# Egyptian swift



## SuburbFlyer (Jul 25, 2016)

I got this pair yesterday. I know there different types of Egyptian swift but I don't know what mine are. any input is appreciated


----------



## SuburbFlyer (Jul 25, 2016)

here they are


----------



## FredaH (Apr 5, 2016)

Can't help I afraid but just wanted to say they are gorgeous.


----------



## SuburbFlyer (Jul 25, 2016)

FredaH said:


> Can't help I afraid but just wanted to say they are gorgeous.

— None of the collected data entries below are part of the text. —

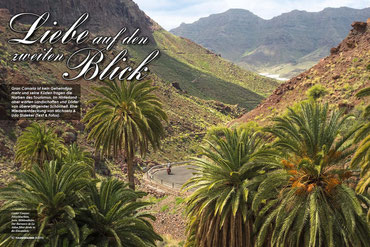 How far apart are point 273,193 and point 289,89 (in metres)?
31.1

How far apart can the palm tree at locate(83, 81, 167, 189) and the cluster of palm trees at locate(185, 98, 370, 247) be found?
8060 mm

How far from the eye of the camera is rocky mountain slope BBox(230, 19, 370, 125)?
34.2m

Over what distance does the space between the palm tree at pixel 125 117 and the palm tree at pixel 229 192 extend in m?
7.84

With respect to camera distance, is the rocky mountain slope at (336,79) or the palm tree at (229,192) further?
the rocky mountain slope at (336,79)

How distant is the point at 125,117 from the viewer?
2342 centimetres

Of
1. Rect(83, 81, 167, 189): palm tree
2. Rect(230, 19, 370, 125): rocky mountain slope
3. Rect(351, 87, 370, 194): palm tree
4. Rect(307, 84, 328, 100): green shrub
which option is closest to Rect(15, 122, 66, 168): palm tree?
Rect(83, 81, 167, 189): palm tree

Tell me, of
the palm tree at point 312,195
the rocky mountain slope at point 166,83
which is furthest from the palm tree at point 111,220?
the rocky mountain slope at point 166,83

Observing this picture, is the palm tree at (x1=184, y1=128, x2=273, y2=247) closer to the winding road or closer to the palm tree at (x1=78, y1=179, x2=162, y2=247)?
the palm tree at (x1=78, y1=179, x2=162, y2=247)

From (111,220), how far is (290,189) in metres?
8.04

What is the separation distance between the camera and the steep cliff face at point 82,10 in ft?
387

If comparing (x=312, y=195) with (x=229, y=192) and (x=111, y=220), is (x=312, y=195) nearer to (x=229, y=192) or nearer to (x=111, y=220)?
(x=229, y=192)

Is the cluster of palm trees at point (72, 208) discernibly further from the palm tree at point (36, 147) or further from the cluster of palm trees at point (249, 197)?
the palm tree at point (36, 147)

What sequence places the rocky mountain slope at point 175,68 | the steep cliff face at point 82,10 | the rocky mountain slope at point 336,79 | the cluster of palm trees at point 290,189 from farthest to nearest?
the rocky mountain slope at point 175,68 → the steep cliff face at point 82,10 → the rocky mountain slope at point 336,79 → the cluster of palm trees at point 290,189

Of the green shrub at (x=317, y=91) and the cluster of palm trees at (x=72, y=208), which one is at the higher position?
the green shrub at (x=317, y=91)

Thank you, wish i had gotten more, hopfully theyll pair up


----------



## cwebster (Dec 11, 2010)

Really lovely birds!


----------



## hamlet (Oct 26, 2004)

Hello. Are these show birds? Or you wish 2 fly them? And nice cage. Thanks.


----------



## SuburbFlyer (Jul 25, 2016)

hamlet said:


> Hello. Are these show birds? Or you wish 2 fly them? And nice cage. Thanks.


srry for late respons. idk if they are show or performing birds. just found out both of them are hens. the lighter one paired up with a homer and the darker one paired up with a indian fantail. hoping to get a cock from the pairings and then cross them back to the mother egyptain to get more birds looking like egyptian swift. hopefully i can produce enough to get a kit to fly as these birds arent common in my area


----------